Daily Old and New Testament readings based on the Book of Common Prayer.
Duration: 861 days
The Message (MSG)
Version
Psalm 95

95 1-2 Come, let’s shout praises to God,
    raise the roof for the Rock who saved us!
Let’s march into his presence singing praises,
    lifting the rafters with our hymns!

3-5 And why? Because God is the best,
    High King over all the gods.
In one hand he holds deep caves and caverns,
    in the other hand grasps the high mountains.
He made Ocean—he owns it!
    His hands sculpted Earth!

6-7 So come, let us worship: bow before him,
    on your knees before God, who made us!
Oh yes, he’s our God,
    and we’re the people he pastures, the flock he feeds.

7-11 Drop everything and listen, listen as he speaks:
    “Don’t turn a deaf ear as in the Bitter Uprising,
As on the day of the Wilderness Test,
    when your ancestors turned and put me to the test.
For forty years they watched me at work among them,
    as over and over they tried my patience.
And I was provoked—oh, was I provoked!
    ‘Can’t they keep their minds on God for five minutes?
    Do they simply refuse to walk down my road?’
Exasperated, I exploded,
    ‘They’ll never get where they’re headed,
    never be able to sit down and rest.’”

Psalm 32

32 Count yourself lucky, how happy you must be—
    you get a fresh start,
    your slate’s wiped clean.

Count yourself lucky—
    God holds nothing against you
    and you’re holding nothing back from him.

When I kept it all inside,
    my bones turned to powder,
    my words became daylong groans.

The pressure never let up;
    all the juices of my life dried up.

Then I let it all out;
    I said, “I’ll come clean about my failures to God.”
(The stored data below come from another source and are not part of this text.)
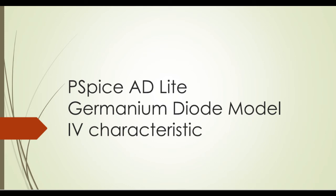Good day everyone. Today, I'm going to show you how to obtain the IV characteristic of a Germanium diode using PSPICE AAD Lite.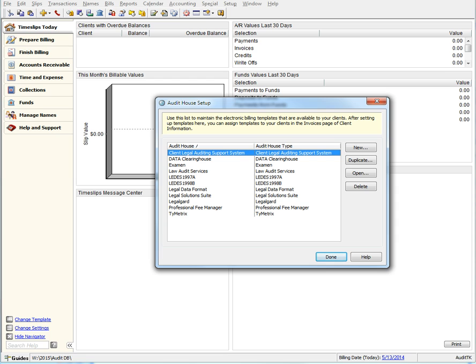For example, you may have several clients that all use Leeds, but they may not all have or require the same export settings. In this new dialog, you can now maintain multiple export settings for the same Audit House type but have different settings for each one.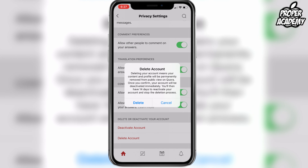Click on delete and this will let you know that deleting your account means all the content and your profile will be permanently removed from public view. Once you confirm, your account will be deactivated immediately, and you have 14 days to reactivate your account. Basically, it'll deactivate your account for 14 days giving you an option to go back, but if you don't within 14 days then it will permanently delete your account.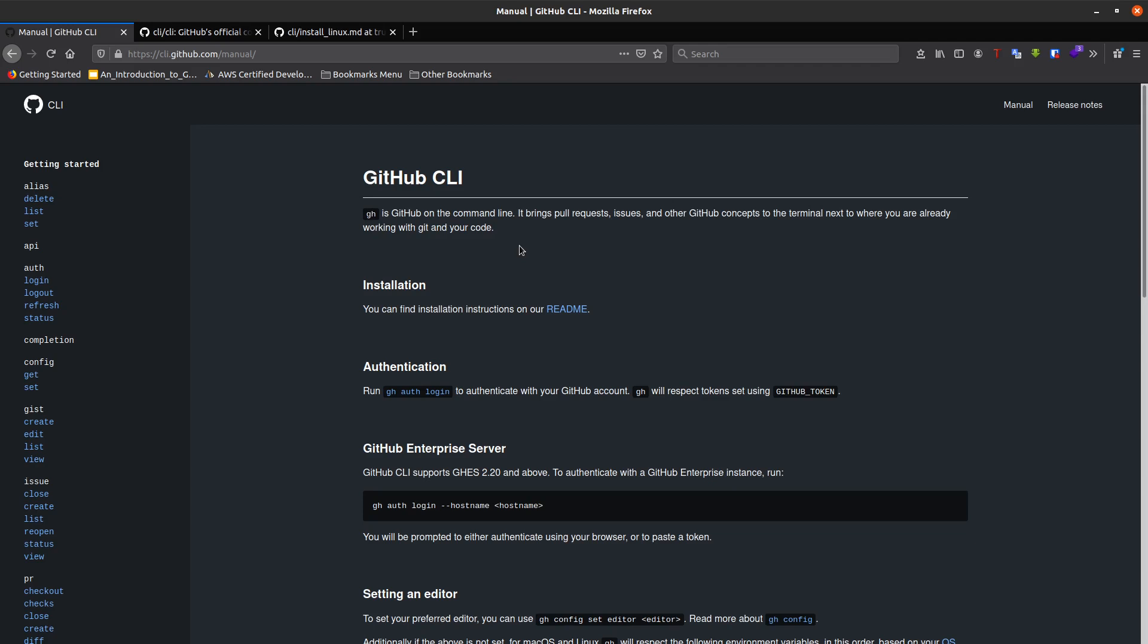GitHub concepts come to the terminal next to where you are already working with git and your code. So in this lecture, we will try how we can install GitHub CLI on our laptops, and in the next lecture we will explain how GitHub CLI works with a diagram.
Suddenly the pressure was gone—
    my guilt dissolved,
    my sin disappeared.

These things add up. Every one of us needs to pray;
    when all hell breaks loose and the dam bursts
    we’ll be on high ground, untouched.

God’s my island hideaway,
    keeps danger far from the shore,
    throws garlands of hosannas around my neck.

Let me give you some good advice;
    I’m looking you in the eye
    and giving it to you straight:

“Don’t be ornery like a horse or mule
    that needs bit and bridle
    to stay on track.”

10 God-defiers are always in trouble;
    God-affirmers find themselves loved
    every time they turn around.

11 Celebrate God.
    Sing together—everyone!
    All you honest hearts, raise the roof!

Psalm 143

143 1-2 Listen to this prayer of mine, God;
    pay attention to what I’m asking.
Answer me—you’re famous for your answers!
    Do what’s right for me.
But don’t, please don’t, haul me into court;
    not a person alive would be acquitted there.

3-6 The enemy hunted me down;
    he kicked me and stomped me within an inch of my life.
He put me in a black hole,
    buried me like a corpse in that dungeon.
I sat there in despair, my spirit draining away,
    my heart heavy, like lead.
I remembered the old days,
    went over all you’ve done, pondered the ways you’ve worked,
Stretched out my hands to you,
    as thirsty for you as a desert thirsty for rain.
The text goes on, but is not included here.